At some point Mr. Abad (the President’s alter ego on such matters) ends up admitting to PCIJ that indeed the “pork” is a matter of “historical justice” vis-a-vis political friends and foes. Those who are allied to President Aquino receive their allotted pork (70 million pesos each for Congressmen and 200 million pesos each for senators) and more (through such “pork-like” mechanisms as Congressional Allotments) while those in the Opposition or have somehow earned the ire of Malacanang like the Makabayan bloc, get theirs in trickles and in much delayed tranches.
The “pork” serves as the grease to oil the palms of the greedy and, perhaps, “needy” congress persons (i.e. needing to pay off loans incurred in the last elections or already saving up on campaign funds for the next one).
It is therefore abundantly clear that the PDAF serves mainly the purpose of providing President Aquino the leverage for getting his priority legislation passed including the annual budget with its specific allocations, and even, on occasion, to impeach certain officials of Constitutionally-independent bodies such as the Supreme Court and the Ombudsman’s Office who run afoul of the President.
What of the President’s own “pork”? The PCIJ report draws attention to about P317.5 billion in special purpose funds or SPFs and P117.5 billion in unprogrammed funds proposed in the General Appropriations Act of 2013. According to former Budget Secretary and UP Professor Leonor Magtolis, because these are “not as detailed and specific as the budget proposals of regular agencies”, these “are vulnerable to reductions, transfers, and adjustments” since these are lump-sum funds.

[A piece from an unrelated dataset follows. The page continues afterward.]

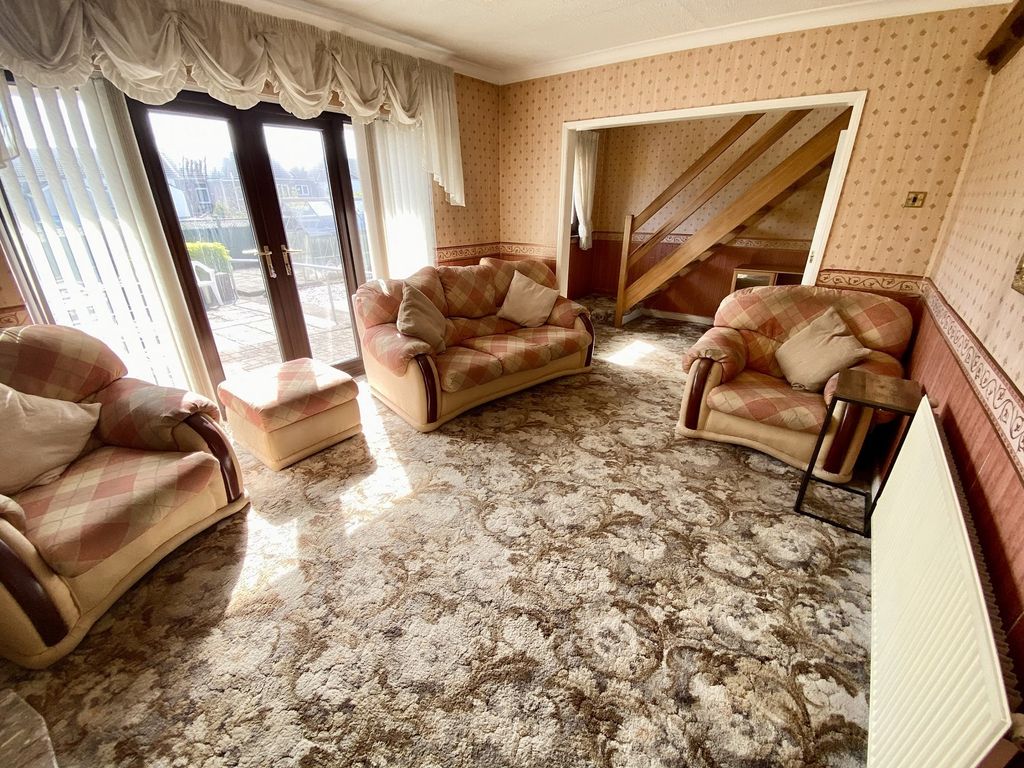 Property photo 3 of 21 Lounge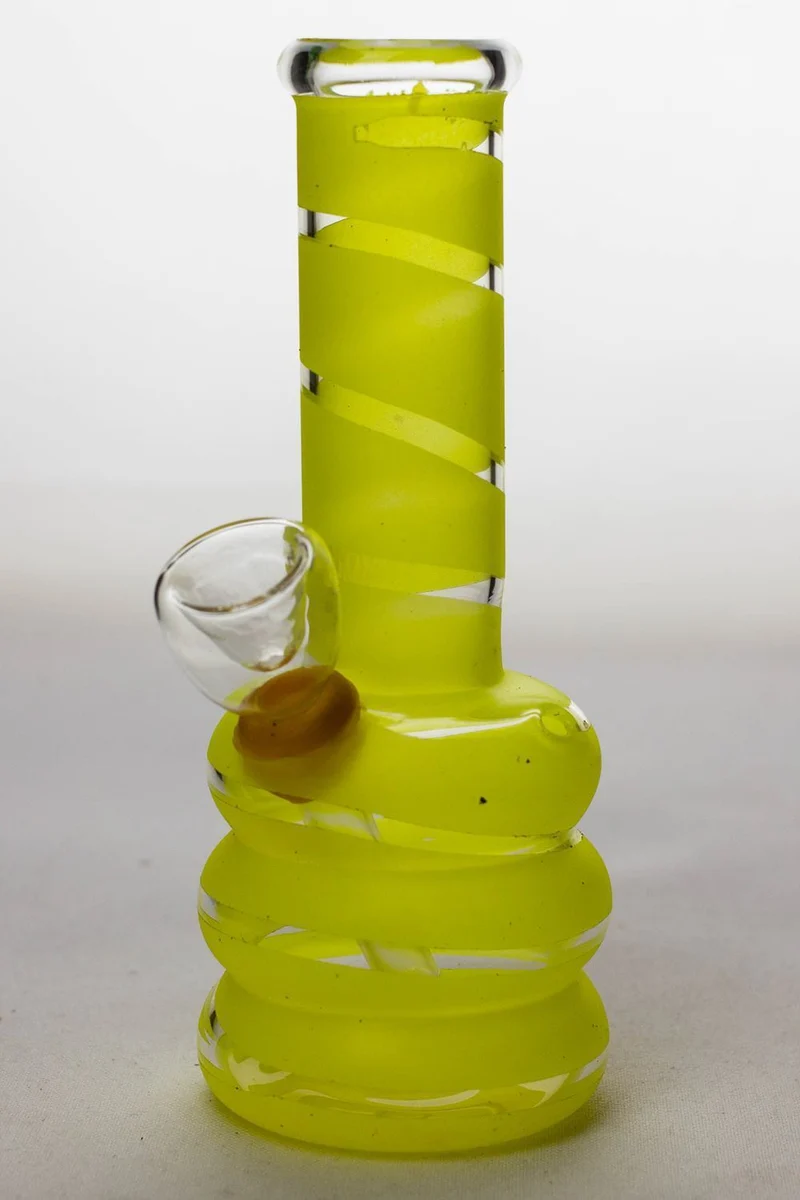 6" glass water bong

Moreover such lump-sum funds do not include other special purpose funds under the sole discretion and control of the President such as the multibillion-peso Contingency and Calamity Funds. According to PCIJ, “Disbursement records on these funds have hardly been published online or disclosed to the citizens, despite repeated requests.” (We wonder does this have anything to do with Mr. Aquino’s less than lukewarm interest in having the Freedom of Information Bill passed?)
Incongruous as it seems to Mr. Aquino’s “daang matuwid”, PCIJ brings to light the fact that Mr. Aquino retained and increased most of the “highly discretionary” SPFs and lump-sum funds found in the budgets of his predecessor, Ms. Gloria Macapagal-Arroyo, in the budgets he has been submitting to Congress since 2011. These include “confidential and intelligence funds” for the Office of the President and 21 other executive agencies amounting to more than a billion pesos that Mr. Aquino strongly opposed when he was still a congressman.

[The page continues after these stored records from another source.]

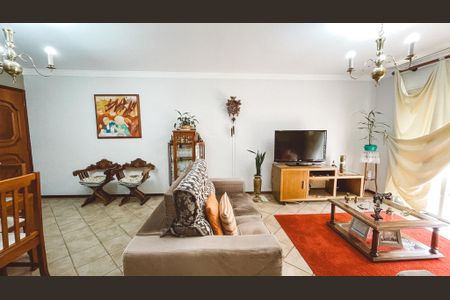 Apartamento à venda com 114m², 4 quartos e 2 vagas Apartamento à venda com 114m², 4 quartos e 2 vagasSala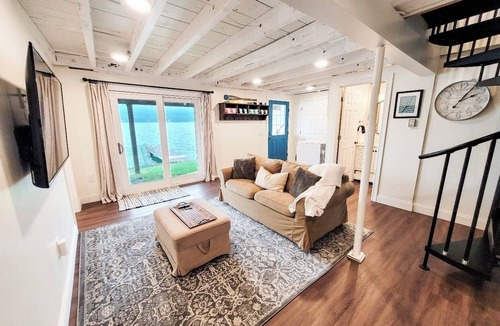 Hammondsport Cottage | VISIONS ON KEUKA- relax on the lake!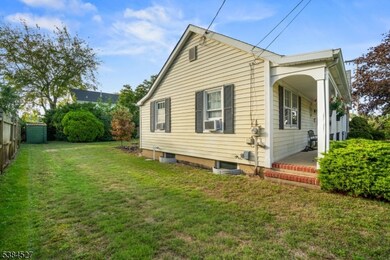 709 Albert E Clifton Ave, Point Pleasant Boro, NJ 08742 - photo 4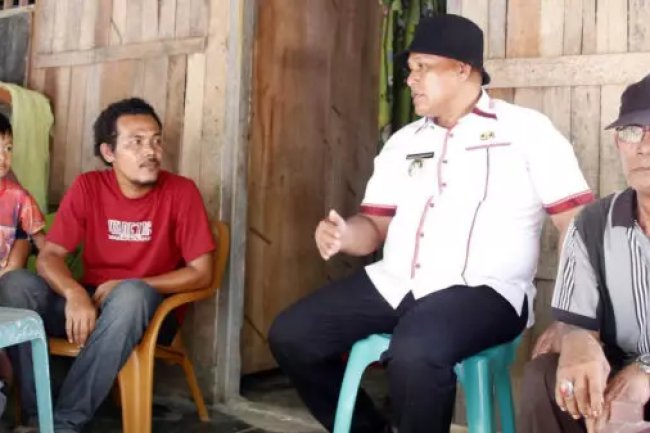 Bupati Lampung Selatan Bedah Dua Rumah Tak Layak Huni di Desa Canggu Kecamatan Kalianda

When weighed in terms of substantial, crucial and effective reforms of the system of governance, Mr. Aquino cannot avoid being measured in terms of how he deals with big-time corruption in the form of the pork barrel. His apologia that the pork barrel system is too ingrained in the present rotten system of politics for a President, with his unprecedented hold on both houses of Congress and his claimed “popular mandate”, to be able to do anything about it smacks of a plain and simple cop-out if not rank opportunism.